When you close on a USDA loan, you won’t make a payment for at least one month. It sounds too good to be true, right? It’s really not the ‘free ride’ it seems like. Keep reading to find out how it works.
Closing Your USDA Loan
You and your lender will choose a closing day for your USDA loan. You obviously can’t close on it until the underwriter clears it for closing. At this point, your lender will draw up the closing documents and you’ll meet your loan officer at the chosen title company. At the title company, an escrow agent will close your loan for you.
As you review your documents, you’ll see a Closing Disclosure. This document shows you all of the charges the lender and other third parties are charging for their role in your loan. Among those costs, you’ll see ‘prepaid costs,’ especially prepaid interest. This is the interest charged on your loan from the date of closing to the end of the month.
The closer you close to the end of the month, the less prepaid interest you pay. You can call the interest per diem interest, as it’s a per day charge. So if you close 10 days before the end of the month, you’ll pay 10 days of interest. If you close 2 days before the end of the month, you’ll pay 2 days of interest. As you can see, it works in your benefit to close as close to the end of the month as possible.
Why You Don’t Owe a Payment Right Away
You might still be thinking ‘what about the interest for the next month?’ If you don’t make a mortgage payment until the following month, when do you pay the interest for the entire month that you have the loan?
It’s simple – all of the interest that you pay, you pay in arrears. In other words, the interest you pay in October covers the interest from September. The interest you pay in November covers the interest for October.
This is why you ‘skip’ a payment. In reality, you are still paying interest from the day you take out the loan. You just don’t have to make a formal payment until the first of the month after the month of your closing.

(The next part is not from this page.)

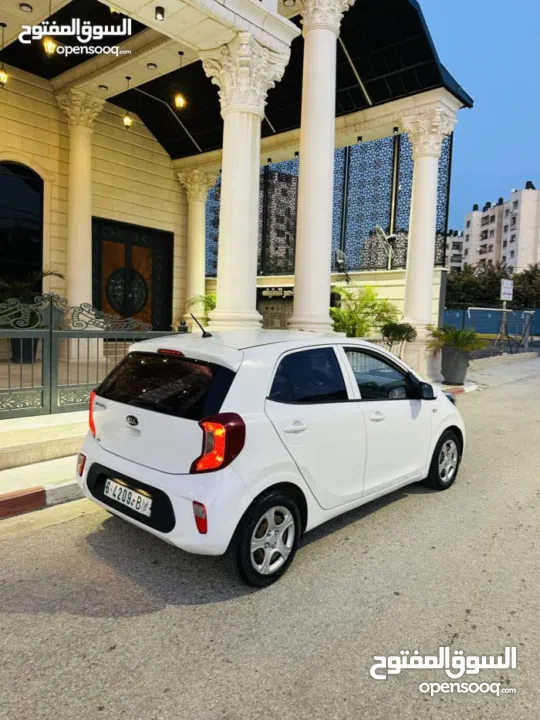 دهان شركة  فحص نخب السعر39000 كاش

For example, if you close on your loan on October 15th, your first USDA mortgage payment is due on December 1st. You would pay per diem interest to cover the rest of October. The mortgage payment you make then covers the interest from November.
The Exception to the Rule
In some cases (rare), you may be able to request that your mortgage payment start the very next month. This is the case when you close on your loan on the 1st, 2nd, or 3rd of the month. Lenders don’t usually allow this practice much after the 3rd day of the month.
If you do close on one of the above dates, you can ask the lender to credit you the few days of interest and have your first mortgage payment due in the very next month. Only lenders that can process the loan and get your account set up quickly can offer this option, though. It’s usually best if you stick to the late in the month closing in order to make things the easiest. This also gives you more time to prepare yourself for your new mortgage payment.
Either way, you are going to pay the same amount of interest on your USDA loan regardless of the closing date. It all comes down to how much money you have to come up with at the closing as well as how soon your first payment is due. Make sure you cover all of your options with your lender so that you make the choice that works the best for you.